In this case I'd simplify to using hashing and perhaps tracking the value in an annotation (runtime experts can jump in whether we already have simple ways for custom status fields).

a-hilaly commented 1 year ago

Happy to consider the solution of tracking information in a Status. I'm even happier with including a new field in spec.code to allow users to set their own Sha256.

Thinking something like:

..
spec:
  name: ...
  code:
    s3Key: KEY
    s3Bucket: BUCKET
    sha256: HASH

This leave us with an open question:

jessebye commented 1 year ago

Has there been any progress here? We've just started testing lambda-controller and this is a dealbreaker. We can't update our functions after the initial creation.

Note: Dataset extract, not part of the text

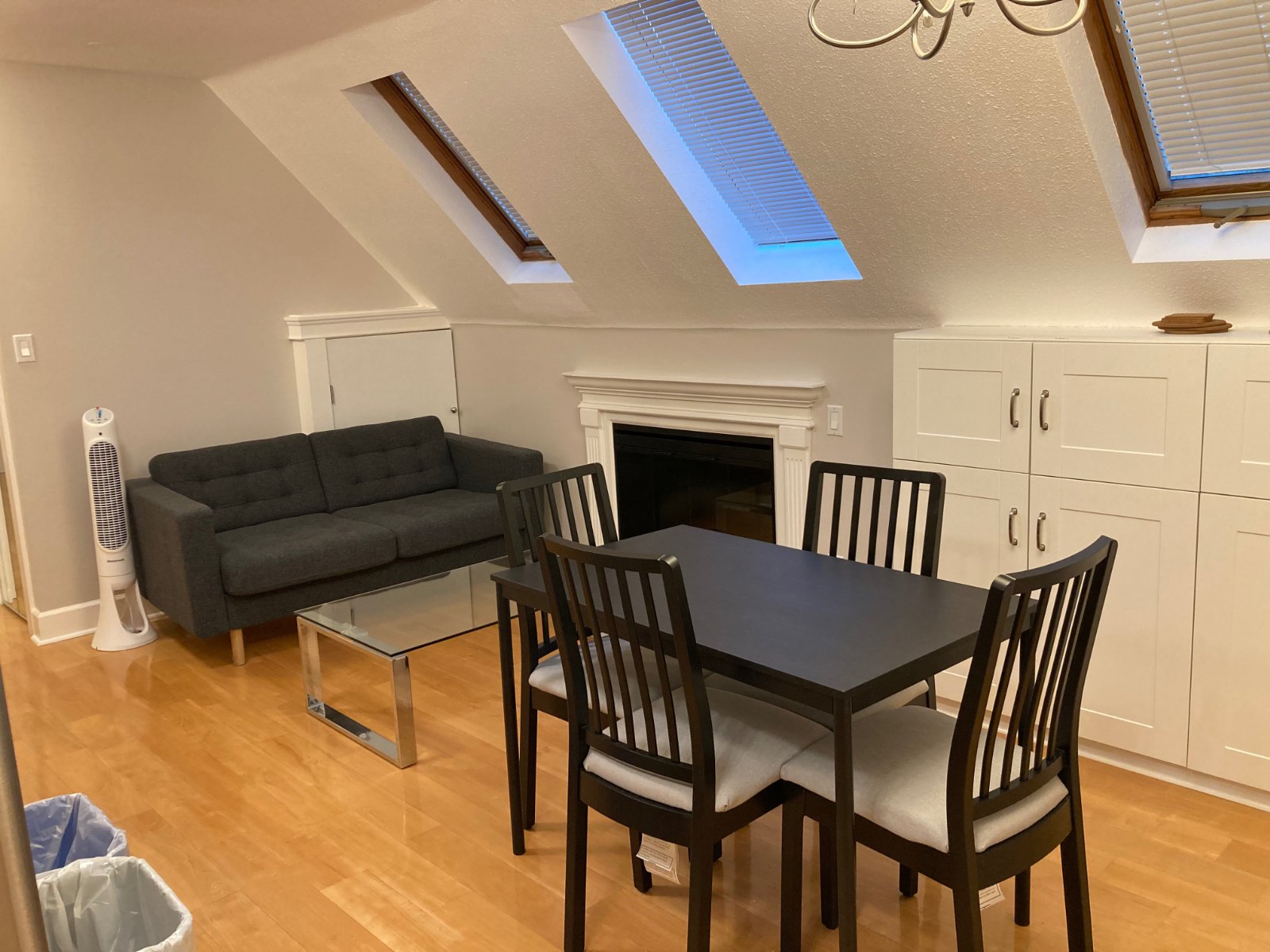 Room in Apartment for Rent - 1550 Comox St, Vancouver, BC 4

jessebye commented 1 year ago

~Does anyone know what the behavior is if using an OCI image? If we use mutable tags and push new versions to the same tag, will invocations of the lambda pull the latest version? Or does it cache and use the old version?~

I've discovered that using OCI image, pushing new versions to the same tag will not immediately update the function. Lambda caches the old image and only refetches it at an undisclosed interval.

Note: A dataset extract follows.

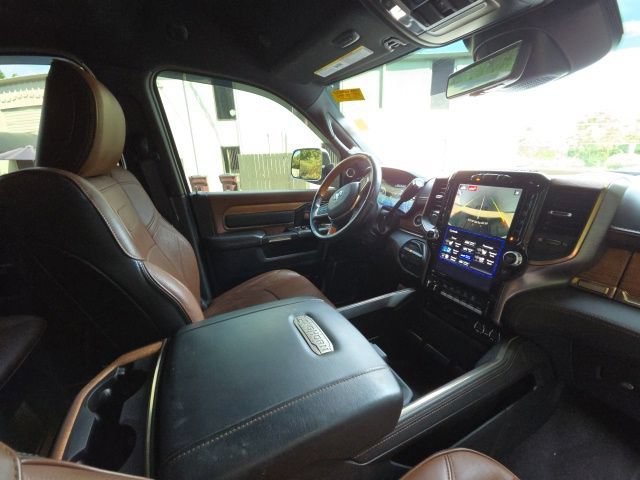 Used 2021 RAM 3500 Limited AWD/4WD image 26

Another discovery is that updating the imageURI field to use a new tag will correctly update the function to use the new tag.

a-hilaly commented 1 year ago

Hi @jessebye , we are working on a fix for spec.code.s3* changes in https://github.com/aws-controllers-k8s/lambda-controller/pull/88 - however this requires a feature in code-generator that is not supported yet. The problem here is that lambda api caches the code ins s3 and there is no way to compare latest/desired s3bucket, filename etc... we will have to support it by adding a new field spec.code.sha256 that users will have to update to trigger a code update.

If you use ECR images, ImageURI updates works fine.

timam commented 9 months ago

any update on this ?

mhr3 commented 8 months ago

Also interested in this and got a question - will we need to set the new sha field to the actual sha of the S3 object? Or will it be just a placeholder for a force-update?

Vandita2020 commented 4 months ago

The functionality to support updating deployment package for Lambda function in ACK is available now.

Vandita2020 commented 4 months ago

@mhr3 The expected behavior is for you to set the actual SHA256 of the S3 object, however it does work as a placeholder to force-update and will work even if the SHA256 doesn't match.